The foregoing consents, waivers, authorizations and agreements are
expressly subject to the condition precedent that counterparts of this
Consent be executed and delivered in accordance with the procedures
described in this Consent by the Company, the Collateral Agent, the
Majority Noteholders, the LC Lender, the LC Agent, the Revolving Lender,
the Requisite First Priority Noteholders, and the Requisite Working
Capital Lenders and, unless and until such parties have so executed and
delivered this Consent, this Consent shall have no force or effect.
COMPANY'S REPRESENTATIONS AND WARRANTIES
The Company hereby represents, warrants and covenants to and with
the Collateral Agent and each of the Secured Parties that, as of March
26, 1998 (the most recent date on which detailed financial information
was available) and as of the date of consummation of the Clear Shield
Sale, in each case with the same effect as if made as of such date, no
Event of Default has occurred and is continuing, or will result from,
the consummation of the Clear Shield Sale. Detailed financial
information for the quarter ended June 26, 1998 is not yet available.
Additional Representations and Warranties
The undersigned further acknowledges that:
(i) except as expressly set forth above, (x) the execution and
delivery of this letter by the Collateral Agent and such other Secured
Parties shall in no way affect any of the respective rights, powers or
remedies of any of such Persons with respect to any Event of Default nor
constitute a waiver of any term or provision of any of the Financing
Agreements or Collateral Documents, and (y) all of the respective terms
and provisions of the Financing Agreements, the Collateral Documents and
all other documents, instruments, amendments and agreements executed or
delivered by the undersigned and any of the other Loan Parties pursuant
thereto or in connection therewith shall remain in full force and effect
and are hereby ratified and confirmed in all respects; and
(ii) the execution and delivery of this letter by the Collateral
Agent and such other Secured Parties shall in no way obligate the
Collateral Agent or any of such other Secured Parties, at any time
hereafter, to consent to any other modification of any term or provision
of any of the Financing Agreements or Collateral Documents, whether of
a similar or different nature.
CONSENT PROCEDURE
Only Holders of record (or their respective legal representatives)
as of June 24, 1998 (the "Record Date") may execute counterparts to this
Consent, and such Consent will be binding on all subsequent transferees
of the Notes. Any beneficial owner of Notes who is not a Holder or
record of such Notes must arrange with the person who, on the Record
Date, was the Holder of record of such Holder's assignee or nominee to
execute and deliver counterparts to this Consent on its behalf. For
purposes of this Solicitation, the term "Holder" shall be deemed to
include the participants ("DTC Participants") through which a beneficial
owner's Notes are held on the Record Date in The Depository Trust
Company ("DTC"). DTC has authorized DTC Participants to execute
counterparts to this Consent as if they were Holders.

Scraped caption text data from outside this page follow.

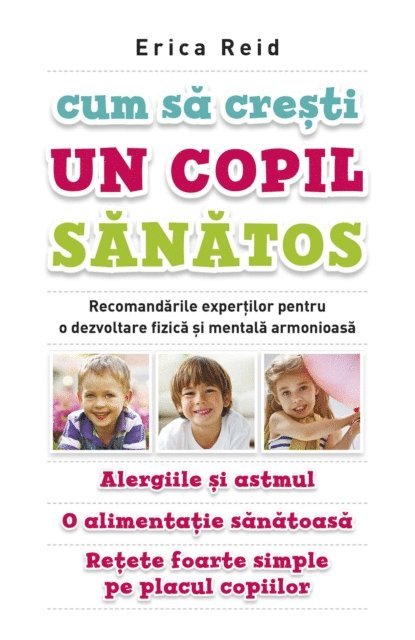 Erica Reid - Cum să crești un copil sănătos. Recomandările experților pentru o dezvoltare fizică și mentală armonioasă. Alergiile și astmul. O alimentație sănătoasă. Rețete foarte simple pe placul copiilor, E-bok. Tillgänglighet: Lägg i varukorg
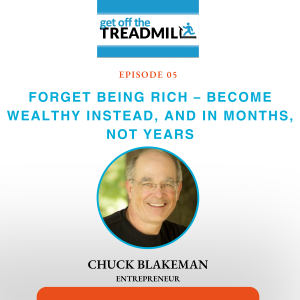 Episode #5: Forget Being Rich – Become Wealthy Instead, And In Months, Not Years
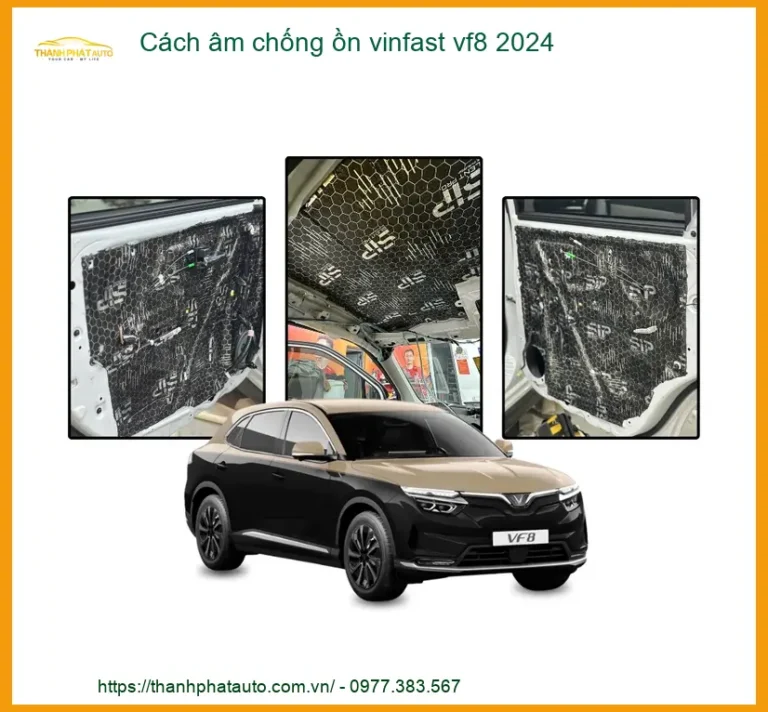 Cách Âm Chống Ồn Vinfast VF8 2024 - Địa Chỉ Lắp Đặt Uy Tín TPHCM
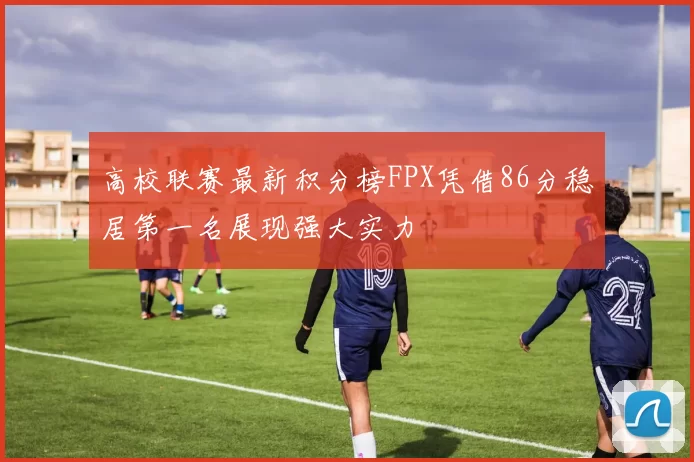 高校联赛最新积分榜FPX凭借86分稳居第一名展现强大实力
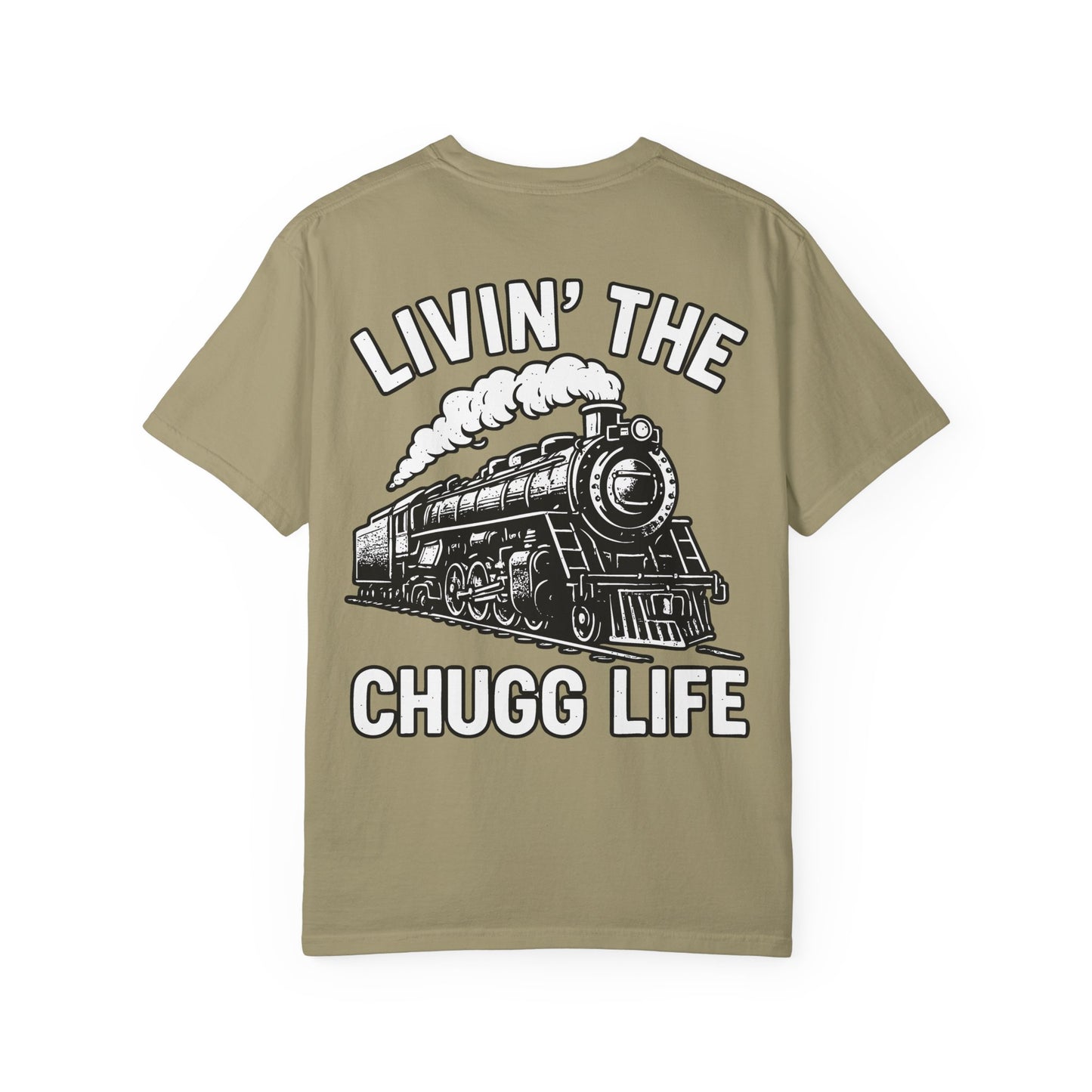 Livin' the Chugg Life Unisex Garment-Dyed T-shirt, Funny Train Shirt, Gift for Train Lovers, Comfortable Casual Tee, Unique Graphic T-shirt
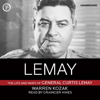 LeMay: The Life and Wars of General Curtis LeMay - Warren Kozak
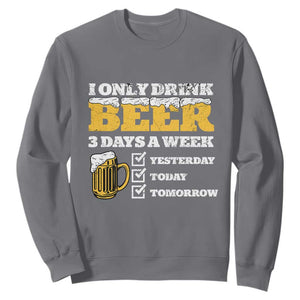 Funny Drinking Sweatshirt I Only Drink Beer 3 Days A Week TS09 Charcoal Print Your Wear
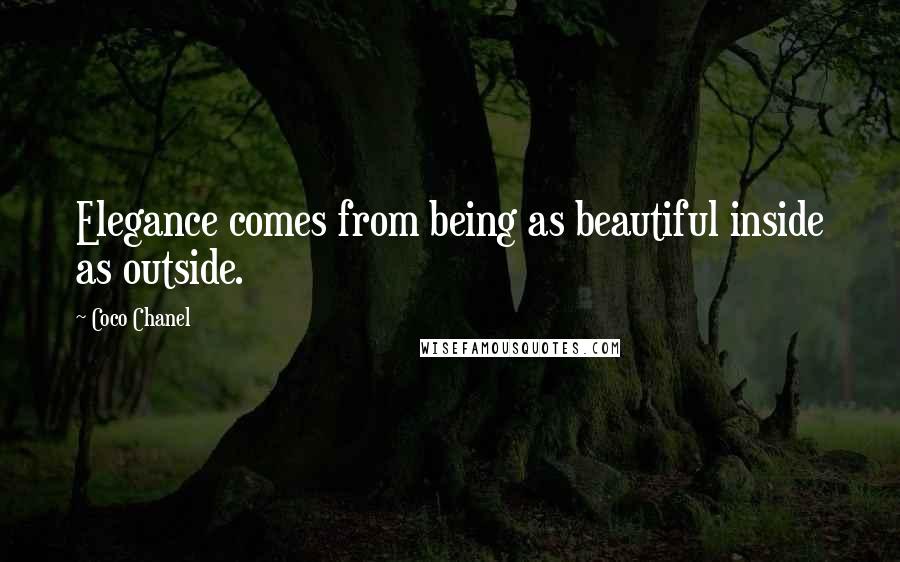 Coco Chanel Quotes: Elegance comes from being as beautiful inside as outside.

The timing of receipt of the consents from the requisite holders
will ultimately affect the Yield Maintenance Amount on the redeemed
portion of the Notes. The Yield Maintenance Amount, assuming a constant
treasury rate, decreases approximately $0.15 per day for each thousand
dollars in principal amount of outstanding Notes redeemed. Therefore,
any delay in the return of the requisite Consents reduces the overall
yield on the Notes (assuming that funds that are repaid are invested at
a similar rate of return). Please do not delay in returning your
consent.
Each Holder that agrees with the terms and conditions of this
Consent should complete the appropriate information on Attachment A to
this Consent and return it, as soon as possible but no later than the
expiration of the Solicitation, by facsimile to Envirodyne Industries,
Inc., 000 Xxxxxx Xxxx, Xxxxx 000, Xxx Xxxxx, Xxxxxxxx 00000, Attention:
Xxxxxx X. Xxxxxxx, Tel. No. (000) 000-0000, Facsimile No. (630)
575-2401. Each of the Collateral Agent, the LC Agent, the LC Lender and
the Revolving Lender that agrees with the terms and conditions of this
Consent should execute and deliver an executed counterpart to this
Consent to the Company at its address indicated immediately above prior
to the expiration of the Solicitation. Once a consent is delivered to
the Company, it may not be revoked.
INCORPORATION OF CERTAIN DOCUMENTS BY REFERENCE
The following documents filed by the Company with the Securities
and Exchange Commission (the "Commission") are hereby incorporated by
reference:
(a) the Annual Report on Form 10-K for the year ended December 25,
1997, as amended pursuant to an amendment thereto filed on
April 27, 1998; and
(b) the Quarterly Report on Form 10-Q for the quarter ended
March 26, 1998; and
(c) the Company's Report on Form 8-K dated June 16, 1998; and
(d) the Company's Report of Form 8-K dated June 25, 1998.
All documents filed by the Company with the Commission pursuant to
Section 13(a), 13(c), 14 or 15(d) of the Securities Exchange Act of
1934, as amended (the "Exchange Act"), subsequent to the date of this
Consent and prior to the termination thereof shall be deemed to be
incorporated by reference herein and to be a part hereof from the date
of filing of such documents. Any statement contained herein or in a
document incorporated or deemed to be incorporated by reference herein
shall be deemed to be modified or superseded for purposes of this
Consent to the extent that a statement contained herein or in any other
subsequently filed document which is or is deemed to be incorporated by
reference herein modifies or supersedes such statement. Any such
statement so modified or superseded shall not be deemed, except as so
modified or superseded, to constitute a part of this Consent.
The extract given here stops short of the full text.